# Error : Invalid Compressed data to inflate !!! PLEASE HELP.....



## ECE0105 (Jun 17, 2006)

I am getting the Following error when trying to extract files from ZIP.

The issue here is, there are four Files in the Zip Archive, of which only one file is showing this error.

I have attached the Winzip error screenshot...

WinRAR Shows the Following error.

*!   D:\Microsoft Flight Simulator 2004 Cd1 Cd2 Cd3 CD4 ISO.zip: CRC failed in CD2.ISO. The file is corrupt*

As the Name shows, one of my friends had saved the ISO's of the Game and compressed it.
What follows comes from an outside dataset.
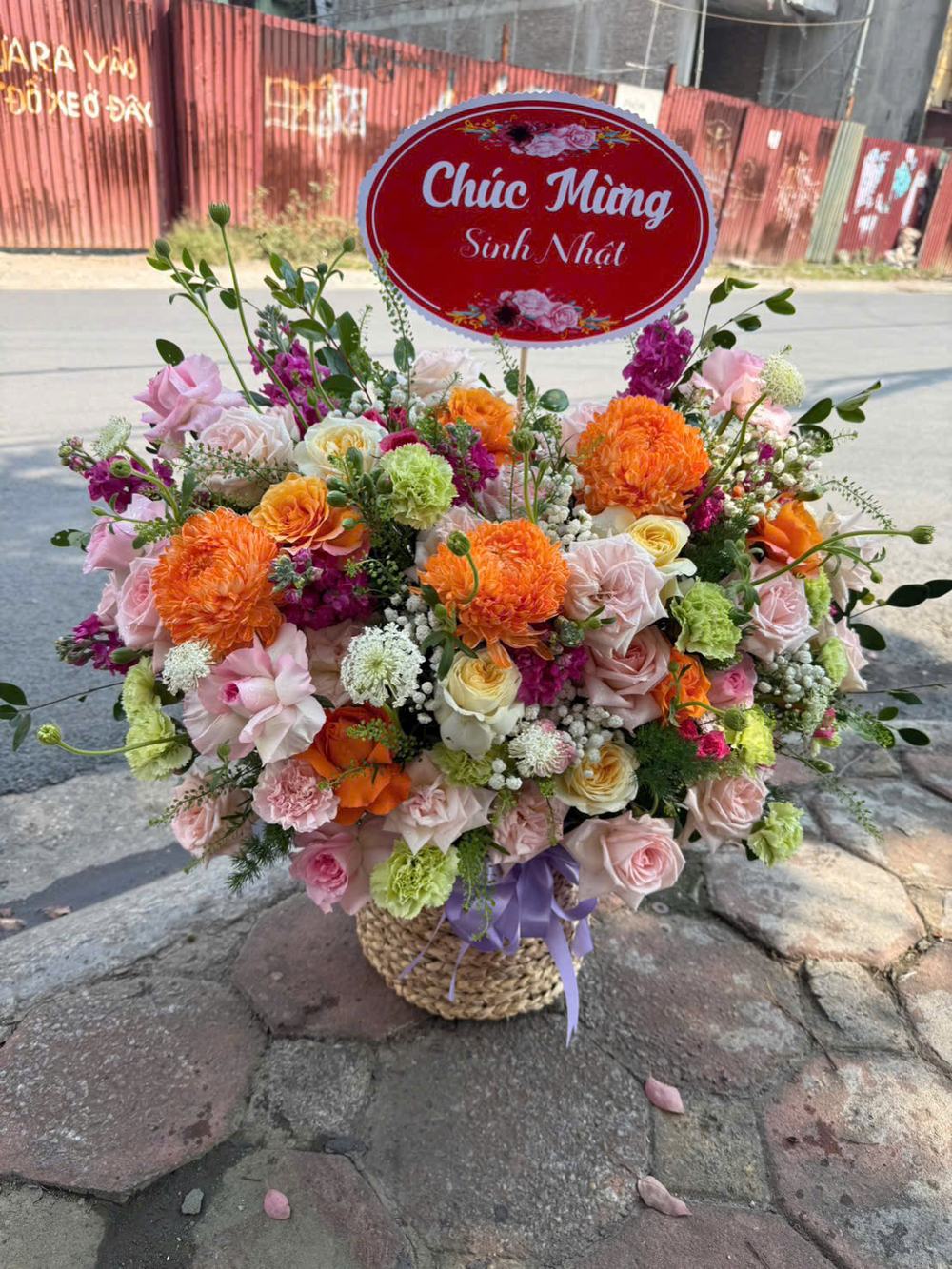 Giỏ hoa hồng phối cúc cam tông cam, vàng, hồng và xanh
Now I also do not have the original CD of the game....

Please help me.....


----------



## QwertyManiac (Jun 17, 2006)

Maybe the archive is corrupted... ?


----------



## Rollercoaster (Jun 17, 2006)

yes u have to get another copy of the archive...

or if u copied it from a cd/media/internet do it again....


----------



## vandit (Jun 18, 2006)

this kinda errors creep out when we try to pirate the CD....


----------



## Techie_Geek (Jun 18, 2006)

The archive is corrupted, so is the error message


----------



## ECE0105 (Jun 18, 2006)

vandit said:
			
		

> this kinda errors creep out when we try to pirate the CD....




This is News to me?????????

When people ask for help, try to give some worthwile suggestions, don't post Cr*p....................


----------



## ECE0105 (Jun 18, 2006)

Is there no possibility that I can try and repair the Archive, so that I could atleast retreive a part of this file????
Or, can I install and play the game without this CD?????

Please help.


----------